YOUR OBJECTIVE: What is needed is an exact copy of every line from the one containing "Футболка для бега" through the end of the entries; please set it down without any pictures.

Stored records:

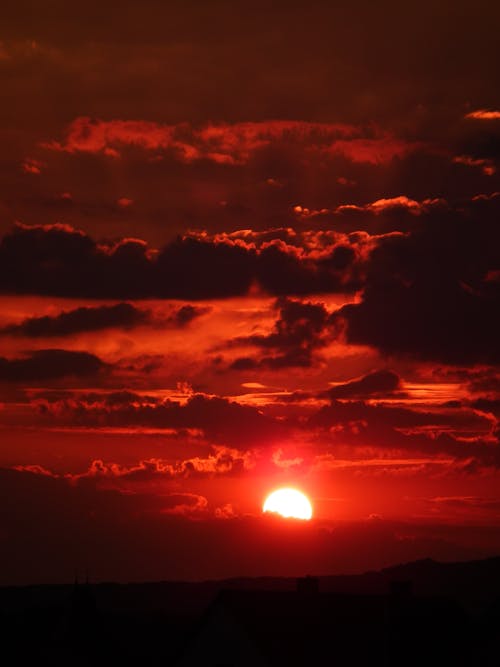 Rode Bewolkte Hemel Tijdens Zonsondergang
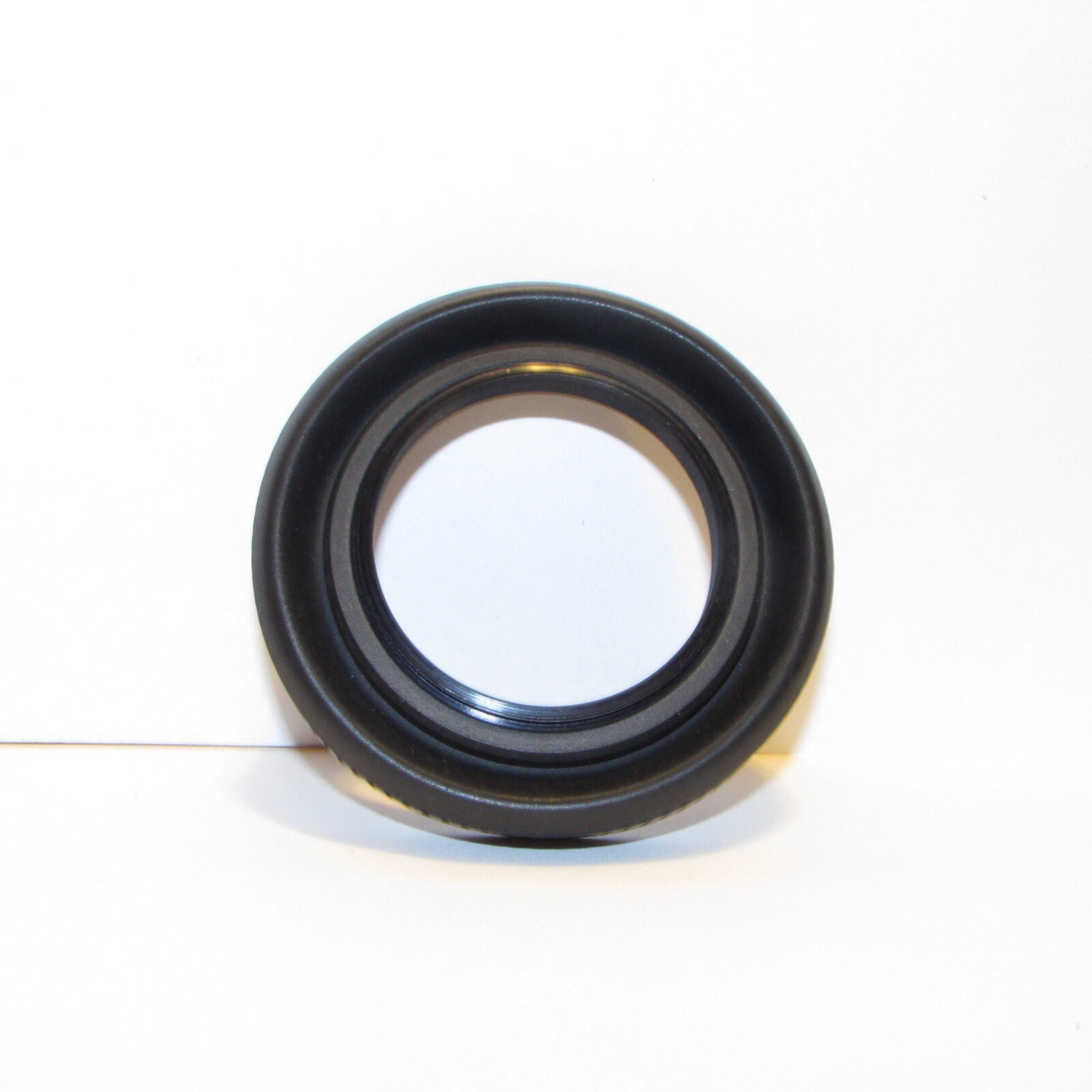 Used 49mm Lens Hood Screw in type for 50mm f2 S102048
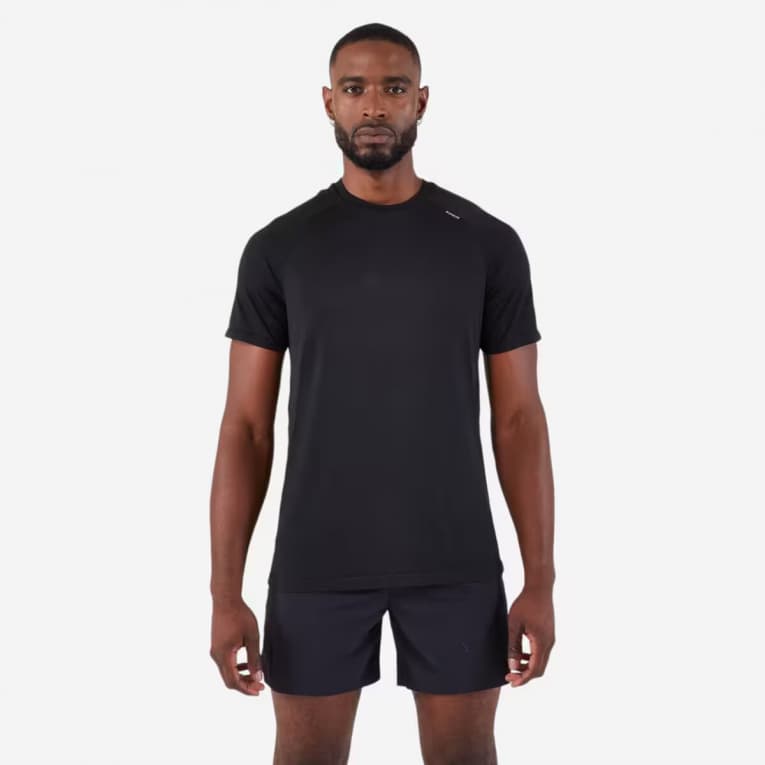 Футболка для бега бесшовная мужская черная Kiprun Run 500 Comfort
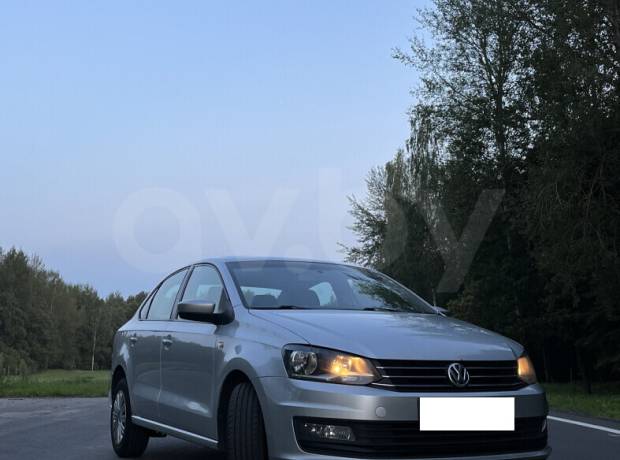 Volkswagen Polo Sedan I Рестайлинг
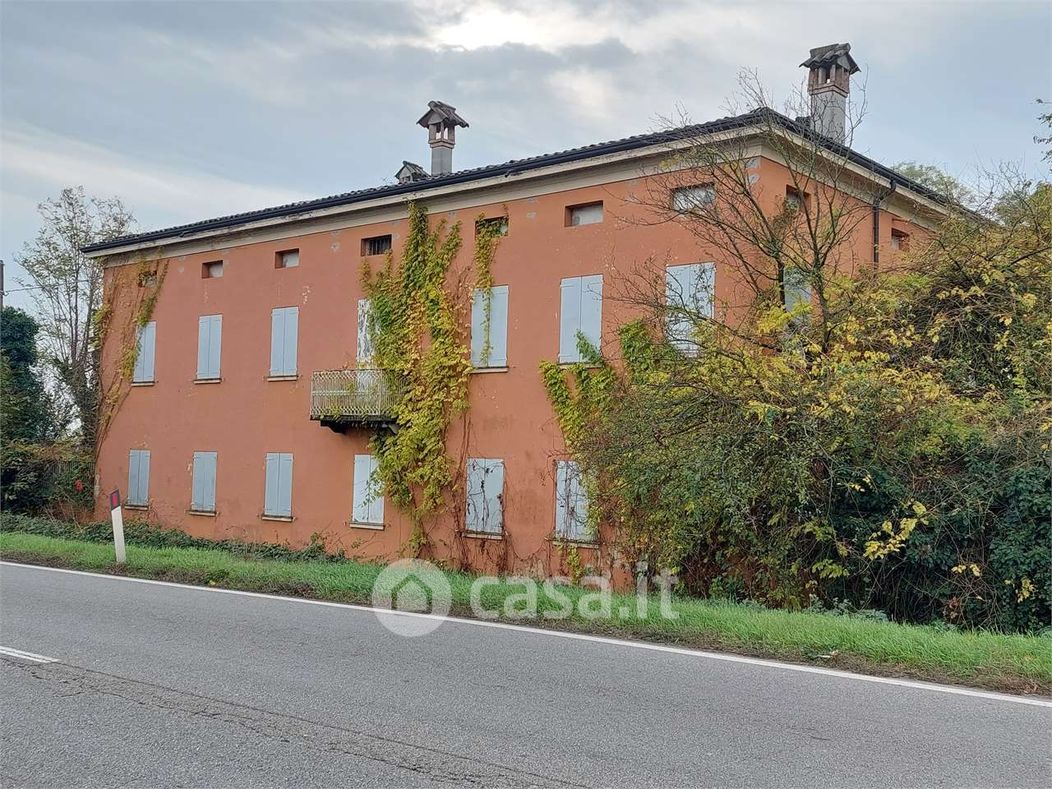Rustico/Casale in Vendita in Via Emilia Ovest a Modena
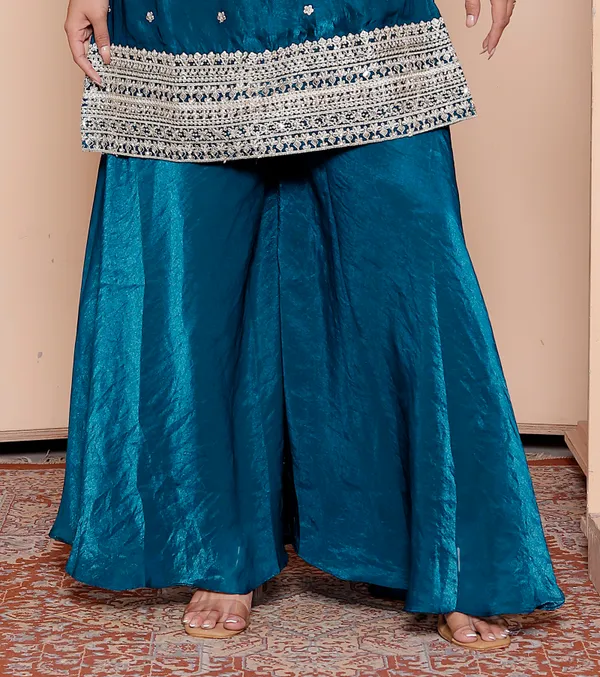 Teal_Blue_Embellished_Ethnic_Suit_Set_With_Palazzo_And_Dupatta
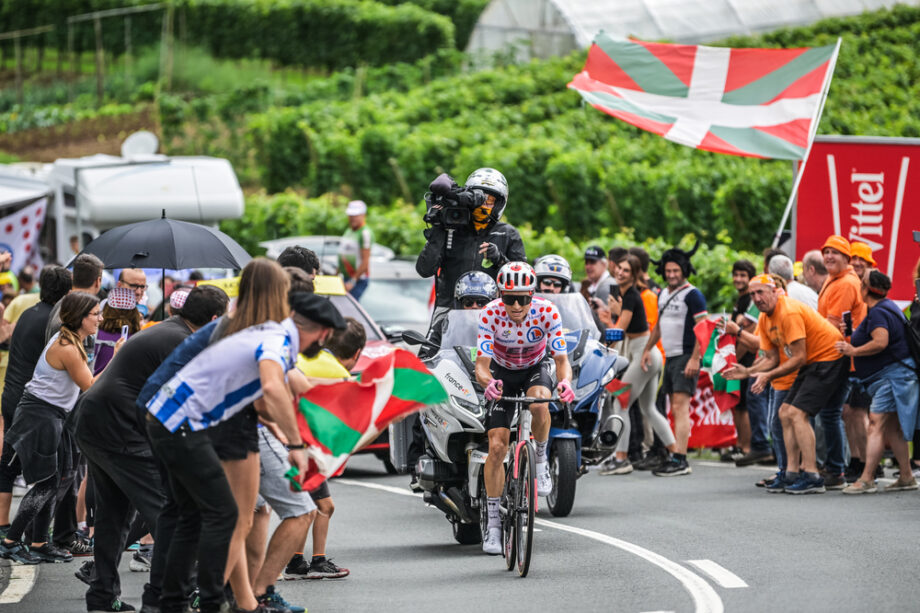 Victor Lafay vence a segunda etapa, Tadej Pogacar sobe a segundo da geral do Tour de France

YOUR RESPONSE:
 Футболка для бега бесшовная мужская черная Kiprun Run 500 Comfort
 Volkswagen Polo Sedan I Рестайлинг
Rustico/Casale in Vendita in Via Emilia Ovest a Modena
 Teal_Blue_Embellished_Ethnic_Suit_Set_With_Palazzo_And_Dupatta
 Victor Lafay vence a segunda etapa, Tadej Pogacar sobe a segundo da geral do Tour de France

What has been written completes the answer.